Dataset excerpts:
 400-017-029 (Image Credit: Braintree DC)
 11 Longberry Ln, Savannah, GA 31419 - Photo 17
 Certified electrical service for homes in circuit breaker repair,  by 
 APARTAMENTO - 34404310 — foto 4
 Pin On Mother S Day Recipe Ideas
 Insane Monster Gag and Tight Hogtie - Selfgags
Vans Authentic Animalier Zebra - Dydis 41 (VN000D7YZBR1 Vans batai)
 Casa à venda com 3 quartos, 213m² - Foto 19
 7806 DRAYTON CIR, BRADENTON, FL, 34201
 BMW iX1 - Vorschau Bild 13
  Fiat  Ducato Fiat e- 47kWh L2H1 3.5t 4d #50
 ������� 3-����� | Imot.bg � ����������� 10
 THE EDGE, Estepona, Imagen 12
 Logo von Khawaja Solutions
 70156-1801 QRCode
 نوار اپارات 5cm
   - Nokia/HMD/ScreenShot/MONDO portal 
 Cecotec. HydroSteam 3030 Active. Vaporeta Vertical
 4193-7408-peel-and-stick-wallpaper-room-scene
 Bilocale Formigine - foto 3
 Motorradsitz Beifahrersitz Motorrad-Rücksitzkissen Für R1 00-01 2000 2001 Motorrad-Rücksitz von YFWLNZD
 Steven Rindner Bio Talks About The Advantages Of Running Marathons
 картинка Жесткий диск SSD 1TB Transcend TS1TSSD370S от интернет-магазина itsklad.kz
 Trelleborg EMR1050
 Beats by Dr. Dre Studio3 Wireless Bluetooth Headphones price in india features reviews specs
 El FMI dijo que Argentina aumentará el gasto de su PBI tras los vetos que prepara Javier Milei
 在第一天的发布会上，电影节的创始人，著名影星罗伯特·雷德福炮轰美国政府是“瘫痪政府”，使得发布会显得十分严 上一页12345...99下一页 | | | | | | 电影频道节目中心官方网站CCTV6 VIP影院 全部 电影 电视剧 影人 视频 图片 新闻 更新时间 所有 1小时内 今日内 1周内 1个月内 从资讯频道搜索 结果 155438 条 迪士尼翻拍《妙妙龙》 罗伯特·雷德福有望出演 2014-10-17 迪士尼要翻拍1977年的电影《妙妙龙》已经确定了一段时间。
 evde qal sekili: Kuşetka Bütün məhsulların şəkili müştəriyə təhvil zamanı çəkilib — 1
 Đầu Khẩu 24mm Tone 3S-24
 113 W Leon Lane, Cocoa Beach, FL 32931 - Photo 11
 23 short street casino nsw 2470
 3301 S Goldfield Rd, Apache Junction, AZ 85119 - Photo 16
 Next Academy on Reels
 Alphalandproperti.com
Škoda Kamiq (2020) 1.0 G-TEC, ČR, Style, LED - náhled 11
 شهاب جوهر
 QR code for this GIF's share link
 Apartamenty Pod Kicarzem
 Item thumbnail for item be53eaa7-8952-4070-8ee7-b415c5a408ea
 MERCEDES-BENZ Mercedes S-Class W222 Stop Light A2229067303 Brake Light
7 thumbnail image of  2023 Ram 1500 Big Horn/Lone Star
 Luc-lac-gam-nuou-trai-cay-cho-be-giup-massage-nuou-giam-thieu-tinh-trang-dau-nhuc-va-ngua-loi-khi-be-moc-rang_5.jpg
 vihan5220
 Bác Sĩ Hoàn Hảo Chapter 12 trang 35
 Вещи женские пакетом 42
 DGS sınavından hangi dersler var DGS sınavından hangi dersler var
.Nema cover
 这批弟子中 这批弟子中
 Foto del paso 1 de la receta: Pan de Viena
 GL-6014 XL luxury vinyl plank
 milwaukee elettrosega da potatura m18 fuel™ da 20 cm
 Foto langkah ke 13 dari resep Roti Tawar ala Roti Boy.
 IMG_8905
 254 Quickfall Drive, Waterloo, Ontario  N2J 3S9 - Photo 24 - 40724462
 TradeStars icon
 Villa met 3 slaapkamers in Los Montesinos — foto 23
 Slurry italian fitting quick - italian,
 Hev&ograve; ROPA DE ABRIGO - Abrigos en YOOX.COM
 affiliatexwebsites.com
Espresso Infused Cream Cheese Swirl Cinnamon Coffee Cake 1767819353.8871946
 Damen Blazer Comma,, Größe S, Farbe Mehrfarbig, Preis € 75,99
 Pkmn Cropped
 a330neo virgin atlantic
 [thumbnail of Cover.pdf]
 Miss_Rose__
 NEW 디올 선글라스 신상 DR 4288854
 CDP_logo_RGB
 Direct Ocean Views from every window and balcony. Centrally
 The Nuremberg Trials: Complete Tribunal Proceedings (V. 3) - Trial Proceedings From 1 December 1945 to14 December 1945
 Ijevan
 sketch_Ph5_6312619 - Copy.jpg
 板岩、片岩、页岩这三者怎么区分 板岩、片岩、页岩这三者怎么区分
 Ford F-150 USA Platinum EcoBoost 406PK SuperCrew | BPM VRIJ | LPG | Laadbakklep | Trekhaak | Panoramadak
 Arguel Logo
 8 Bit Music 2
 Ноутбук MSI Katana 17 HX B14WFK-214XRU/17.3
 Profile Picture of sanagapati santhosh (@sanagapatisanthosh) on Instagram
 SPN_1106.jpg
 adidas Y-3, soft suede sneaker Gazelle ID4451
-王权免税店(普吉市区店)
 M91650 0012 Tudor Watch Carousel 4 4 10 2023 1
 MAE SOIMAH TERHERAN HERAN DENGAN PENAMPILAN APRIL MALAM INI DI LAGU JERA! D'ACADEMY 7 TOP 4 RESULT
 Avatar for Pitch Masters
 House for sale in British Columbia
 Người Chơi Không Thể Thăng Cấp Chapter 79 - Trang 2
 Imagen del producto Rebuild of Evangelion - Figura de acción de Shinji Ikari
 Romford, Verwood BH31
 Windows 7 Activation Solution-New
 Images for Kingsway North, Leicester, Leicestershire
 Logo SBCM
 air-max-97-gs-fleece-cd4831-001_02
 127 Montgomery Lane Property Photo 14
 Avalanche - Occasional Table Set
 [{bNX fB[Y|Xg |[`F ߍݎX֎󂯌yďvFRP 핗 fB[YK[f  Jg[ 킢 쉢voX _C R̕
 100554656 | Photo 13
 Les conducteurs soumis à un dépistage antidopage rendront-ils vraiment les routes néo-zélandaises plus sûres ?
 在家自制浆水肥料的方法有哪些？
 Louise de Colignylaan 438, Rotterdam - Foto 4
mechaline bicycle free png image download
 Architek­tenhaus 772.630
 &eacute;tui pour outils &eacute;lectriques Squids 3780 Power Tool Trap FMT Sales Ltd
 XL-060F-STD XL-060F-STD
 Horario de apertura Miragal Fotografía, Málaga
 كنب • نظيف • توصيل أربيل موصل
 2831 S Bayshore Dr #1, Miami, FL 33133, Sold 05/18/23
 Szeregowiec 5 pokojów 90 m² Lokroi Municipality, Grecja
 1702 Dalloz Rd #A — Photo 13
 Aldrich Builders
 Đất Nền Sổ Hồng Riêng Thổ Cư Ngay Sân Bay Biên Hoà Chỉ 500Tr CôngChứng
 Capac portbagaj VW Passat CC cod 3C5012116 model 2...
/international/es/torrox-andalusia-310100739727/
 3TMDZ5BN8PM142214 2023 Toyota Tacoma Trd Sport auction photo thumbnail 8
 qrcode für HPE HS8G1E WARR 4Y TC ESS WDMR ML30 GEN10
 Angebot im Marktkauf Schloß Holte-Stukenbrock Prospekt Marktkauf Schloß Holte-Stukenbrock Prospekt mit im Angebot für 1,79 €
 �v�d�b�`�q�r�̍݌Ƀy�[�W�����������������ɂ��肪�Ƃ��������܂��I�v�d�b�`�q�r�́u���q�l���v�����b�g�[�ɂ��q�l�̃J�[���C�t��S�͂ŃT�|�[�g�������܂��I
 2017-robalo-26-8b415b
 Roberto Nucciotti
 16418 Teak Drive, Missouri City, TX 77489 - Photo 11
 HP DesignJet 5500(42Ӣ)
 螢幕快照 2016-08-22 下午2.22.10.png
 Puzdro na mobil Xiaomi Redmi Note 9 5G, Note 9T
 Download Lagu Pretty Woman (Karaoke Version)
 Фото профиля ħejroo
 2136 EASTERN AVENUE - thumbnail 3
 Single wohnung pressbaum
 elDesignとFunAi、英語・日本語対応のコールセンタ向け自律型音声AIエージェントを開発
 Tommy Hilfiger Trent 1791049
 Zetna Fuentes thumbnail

TASK GOAL: In the records above, the line with "8 Bit Music 2" marks the start and the line with "M91650 0012 Tudor" marks the end; copy that stretch exactly, both lines included, and nothing else.

WORKED SOLUTION:
 8 Bit Music 2
 Ноутбук MSI Katana 17 HX B14WFK-214XRU/17.3
 Profile Picture of sanagapati santhosh (@sanagapatisanthosh) on Instagram
 SPN_1106.jpg
 adidas Y-3, soft suede sneaker Gazelle ID4451
-王权免税店(普吉市区店)
 M91650 0012 Tudor Watch Carousel 4 4 10 2023 1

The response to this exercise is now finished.